### EXERCISE DESCRIPTION
Copy out the listing beneath, missing nothing.
- Opening Delimiter -
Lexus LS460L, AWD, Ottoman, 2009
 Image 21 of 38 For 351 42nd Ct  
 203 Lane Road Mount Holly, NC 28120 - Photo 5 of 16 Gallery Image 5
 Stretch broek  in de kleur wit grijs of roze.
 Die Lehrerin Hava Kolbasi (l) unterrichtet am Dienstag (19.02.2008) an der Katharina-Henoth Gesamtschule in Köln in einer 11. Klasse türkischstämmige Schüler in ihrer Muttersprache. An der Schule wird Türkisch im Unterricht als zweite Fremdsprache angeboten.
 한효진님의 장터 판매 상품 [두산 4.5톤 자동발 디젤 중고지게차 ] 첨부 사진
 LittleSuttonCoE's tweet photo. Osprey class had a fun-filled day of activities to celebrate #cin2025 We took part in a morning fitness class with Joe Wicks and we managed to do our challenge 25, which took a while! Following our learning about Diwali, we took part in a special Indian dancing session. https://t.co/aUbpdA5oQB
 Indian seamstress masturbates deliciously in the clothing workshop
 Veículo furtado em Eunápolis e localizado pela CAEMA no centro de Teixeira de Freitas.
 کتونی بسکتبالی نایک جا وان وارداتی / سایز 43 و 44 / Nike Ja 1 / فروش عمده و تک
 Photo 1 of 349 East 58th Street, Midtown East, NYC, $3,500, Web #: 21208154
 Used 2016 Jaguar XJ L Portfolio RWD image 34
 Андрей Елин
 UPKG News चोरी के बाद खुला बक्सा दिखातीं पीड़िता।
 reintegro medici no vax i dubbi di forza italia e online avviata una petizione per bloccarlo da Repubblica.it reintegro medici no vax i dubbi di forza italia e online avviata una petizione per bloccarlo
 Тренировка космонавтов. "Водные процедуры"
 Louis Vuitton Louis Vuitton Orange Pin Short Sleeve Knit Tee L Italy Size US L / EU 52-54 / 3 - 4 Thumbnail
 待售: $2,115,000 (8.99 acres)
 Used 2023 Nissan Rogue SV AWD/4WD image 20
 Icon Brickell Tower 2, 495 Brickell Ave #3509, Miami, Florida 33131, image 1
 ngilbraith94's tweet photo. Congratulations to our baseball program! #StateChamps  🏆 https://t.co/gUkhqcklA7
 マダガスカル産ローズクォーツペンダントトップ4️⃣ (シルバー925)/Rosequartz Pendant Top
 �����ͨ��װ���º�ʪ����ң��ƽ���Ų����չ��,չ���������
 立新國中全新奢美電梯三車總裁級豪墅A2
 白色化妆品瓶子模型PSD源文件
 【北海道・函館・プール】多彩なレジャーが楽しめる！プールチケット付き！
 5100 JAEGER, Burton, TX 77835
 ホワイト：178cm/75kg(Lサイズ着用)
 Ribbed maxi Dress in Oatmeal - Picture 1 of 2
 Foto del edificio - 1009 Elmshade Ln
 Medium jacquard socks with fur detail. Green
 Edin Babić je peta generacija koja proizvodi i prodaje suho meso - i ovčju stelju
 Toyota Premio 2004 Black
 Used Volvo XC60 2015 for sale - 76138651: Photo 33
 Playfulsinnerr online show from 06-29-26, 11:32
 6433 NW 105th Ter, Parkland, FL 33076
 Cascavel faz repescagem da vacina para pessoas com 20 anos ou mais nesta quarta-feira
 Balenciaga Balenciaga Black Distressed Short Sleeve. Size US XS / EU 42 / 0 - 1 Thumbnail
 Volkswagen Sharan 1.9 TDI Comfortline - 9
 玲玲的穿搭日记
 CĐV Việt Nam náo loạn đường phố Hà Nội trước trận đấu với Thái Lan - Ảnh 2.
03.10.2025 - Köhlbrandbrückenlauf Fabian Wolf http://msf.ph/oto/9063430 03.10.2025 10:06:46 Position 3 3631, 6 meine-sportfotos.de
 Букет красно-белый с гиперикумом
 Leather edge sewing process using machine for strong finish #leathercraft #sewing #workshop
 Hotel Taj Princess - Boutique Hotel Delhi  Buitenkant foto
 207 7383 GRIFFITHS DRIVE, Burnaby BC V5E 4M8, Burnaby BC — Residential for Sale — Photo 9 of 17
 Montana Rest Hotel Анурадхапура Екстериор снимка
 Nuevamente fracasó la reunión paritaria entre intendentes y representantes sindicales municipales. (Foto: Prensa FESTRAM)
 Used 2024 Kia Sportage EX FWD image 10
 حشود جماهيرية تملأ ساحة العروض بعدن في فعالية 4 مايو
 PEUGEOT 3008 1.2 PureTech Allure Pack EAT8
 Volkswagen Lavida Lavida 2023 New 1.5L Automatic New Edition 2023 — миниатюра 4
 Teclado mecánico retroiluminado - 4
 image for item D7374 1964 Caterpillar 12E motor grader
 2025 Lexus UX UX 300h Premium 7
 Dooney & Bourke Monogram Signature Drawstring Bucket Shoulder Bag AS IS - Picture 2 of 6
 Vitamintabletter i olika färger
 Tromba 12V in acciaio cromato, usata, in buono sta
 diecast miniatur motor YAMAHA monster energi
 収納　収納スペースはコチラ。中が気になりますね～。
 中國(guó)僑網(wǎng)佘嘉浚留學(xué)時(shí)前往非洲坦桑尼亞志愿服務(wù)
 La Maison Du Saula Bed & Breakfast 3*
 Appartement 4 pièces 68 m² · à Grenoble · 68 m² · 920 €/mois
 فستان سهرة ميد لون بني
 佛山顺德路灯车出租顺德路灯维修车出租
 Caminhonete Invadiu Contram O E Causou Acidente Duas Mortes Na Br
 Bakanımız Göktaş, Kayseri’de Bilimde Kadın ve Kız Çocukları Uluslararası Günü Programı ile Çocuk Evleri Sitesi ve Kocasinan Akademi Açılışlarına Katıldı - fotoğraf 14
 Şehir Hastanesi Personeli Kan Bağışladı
- Closing Delimiter -
### YOUR RESPONSE
Lexus LS460L, AWD, Ottoman, 2009
 Image 21 of 38 For 351 42nd Ct  
 203 Lane Road Mount Holly, NC 28120 - Photo 5 of 16 Gallery Image 5
 Stretch broek  in de kleur wit grijs of roze.
 Die Lehrerin Hava Kolbasi (l) unterrichtet am Dienstag (19.02.2008) an der Katharina-Henoth Gesamtschule in Köln in einer 11. Klasse türkischstämmige Schüler in ihrer Muttersprache. An der Schule wird Türkisch im Unterricht als zweite Fremdsprache angeboten.
 한효진님의 장터 판매 상품 [두산 4.5톤 자동발 디젤 중고지게차 ] 첨부 사진
 LittleSuttonCoE's tweet photo. Osprey class had a fun-filled day of activities to celebrate #cin2025 We took part in a morning fitness class with Joe Wicks and we managed to do our challenge 25, which took a while! Following our learning about Diwali, we took part in a special Indian dancing session. https://t.co/aUbpdA5oQB
 Indian seamstress masturbates deliciously in the clothing workshop
 Veículo furtado em Eunápolis e localizado pela CAEMA no centro de Teixeira de Freitas.
 کتونی بسکتبالی نایک جا وان وارداتی / سایز 43 و 44 / Nike Ja 1 / فروش عمده و تک
 Photo 1 of 349 East 58th Street, Midtown East, NYC, $3,500, Web #: 21208154
 Used 2016 Jaguar XJ L Portfolio RWD image 34
 Андрей Елин
 UPKG News चोरी के बाद खुला बक्सा दिखातीं पीड़िता।
 reintegro medici no vax i dubbi di forza italia e online avviata una petizione per bloccarlo da Repubblica.it reintegro medici no vax i dubbi di forza italia e online avviata una petizione per bloccarlo
 Тренировка космонавтов. "Водные процедуры"
 Louis Vuitton Louis Vuitton Orange Pin Short Sleeve Knit Tee L Italy Size US L / EU 52-54 / 3 - 4 Thumbnail
 待售: $2,115,000 (8.99 acres)
 Used 2023 Nissan Rogue SV AWD/4WD image 20
 Icon Brickell Tower 2, 495 Brickell Ave #3509, Miami, Florida 33131, image 1
 ngilbraith94's tweet photo. Congratulations to our baseball program! #StateChamps  🏆 https://t.co/gUkhqcklA7
 マダガスカル産ローズクォーツペンダントトップ4️⃣ (シルバー925)/Rosequartz Pendant Top
 �����ͨ��װ���º�ʪ����ң��ƽ���Ų����չ��,չ���������
 立新國中全新奢美電梯三車總裁級豪墅A2
 白色化妆品瓶子模型PSD源文件
 【北海道・函館・プール】多彩なレジャーが楽しめる！プールチケット付き！
 5100 JAEGER, Burton, TX 77835
 ホワイト：178cm/75kg(Lサイズ着用)
 Ribbed maxi Dress in Oatmeal - Picture 1 of 2
 Foto del edificio - 1009 Elmshade Ln
 Medium jacquard socks with fur detail. Green
 Edin Babić je peta generacija koja proizvodi i prodaje suho meso - i ovčju stelju
 Toyota Premio 2004 Black
 Used Volvo XC60 2015 for sale - 76138651: Photo 33
 Playfulsinnerr online show from 06-29-26, 11:32
 6433 NW 105th Ter, Parkland, FL 33076
 Cascavel faz repescagem da vacina para pessoas com 20 anos ou mais nesta quarta-feira
 Balenciaga Balenciaga Black Distressed Short Sleeve. Size US XS / EU 42 / 0 - 1 Thumbnail
 Volkswagen Sharan 1.9 TDI Comfortline - 9
 玲玲的穿搭日记
 CĐV Việt Nam náo loạn đường phố Hà Nội trước trận đấu với Thái Lan - Ảnh 2.
03.10.2025 - Köhlbrandbrückenlauf Fabian Wolf http://msf.ph/oto/9063430 03.10.2025 10:06:46 Position 3 3631, 6 meine-sportfotos.de
 Букет красно-белый с гиперикумом
 Leather edge sewing process using machine for strong finish #leathercraft #sewing #workshop
 Hotel Taj Princess - Boutique Hotel Delhi  Buitenkant foto
 207 7383 GRIFFITHS DRIVE, Burnaby BC V5E 4M8, Burnaby BC — Residential for Sale — Photo 9 of 17
 Montana Rest Hotel Анурадхапура Екстериор снимка
 Nuevamente fracasó la reunión paritaria entre intendentes y representantes sindicales municipales. (Foto: Prensa FESTRAM)
 Used 2024 Kia Sportage EX FWD image 10
 حشود جماهيرية تملأ ساحة العروض بعدن في فعالية 4 مايو
 PEUGEOT 3008 1.2 PureTech Allure Pack EAT8
 Volkswagen Lavida Lavida 2023 New 1.5L Automatic New Edition 2023 — миниатюра 4
 Teclado mecánico retroiluminado - 4
 image for item D7374 1964 Caterpillar 12E motor grader
 2025 Lexus UX UX 300h Premium 7
 Dooney & Bourke Monogram Signature Drawstring Bucket Shoulder Bag AS IS - Picture 2 of 6
 Vitamintabletter i olika färger
 Tromba 12V in acciaio cromato, usata, in buono sta
 diecast miniatur motor YAMAHA monster energi
 収納　収納スペースはコチラ。中が気になりますね～。
 中國(guó)僑網(wǎng)佘嘉浚留學(xué)時(shí)前往非洲坦桑尼亞志愿服務(wù)
 La Maison Du Saula Bed & Breakfast 3*
 Appartement 4 pièces 68 m² · à Grenoble · 68 m² · 920 €/mois
 فستان سهرة ميد لون بني
 佛山顺德路灯车出租顺德路灯维修车出租
 Caminhonete Invadiu Contram O E Causou Acidente Duas Mortes Na Br
 Bakanımız Göktaş, Kayseri’de Bilimde Kadın ve Kız Çocukları Uluslararası Günü Programı ile Çocuk Evleri Sitesi ve Kocasinan Akademi Açılışlarına Katıldı - fotoğraf 14
 Şehir Hastanesi Personeli Kan Bağışladı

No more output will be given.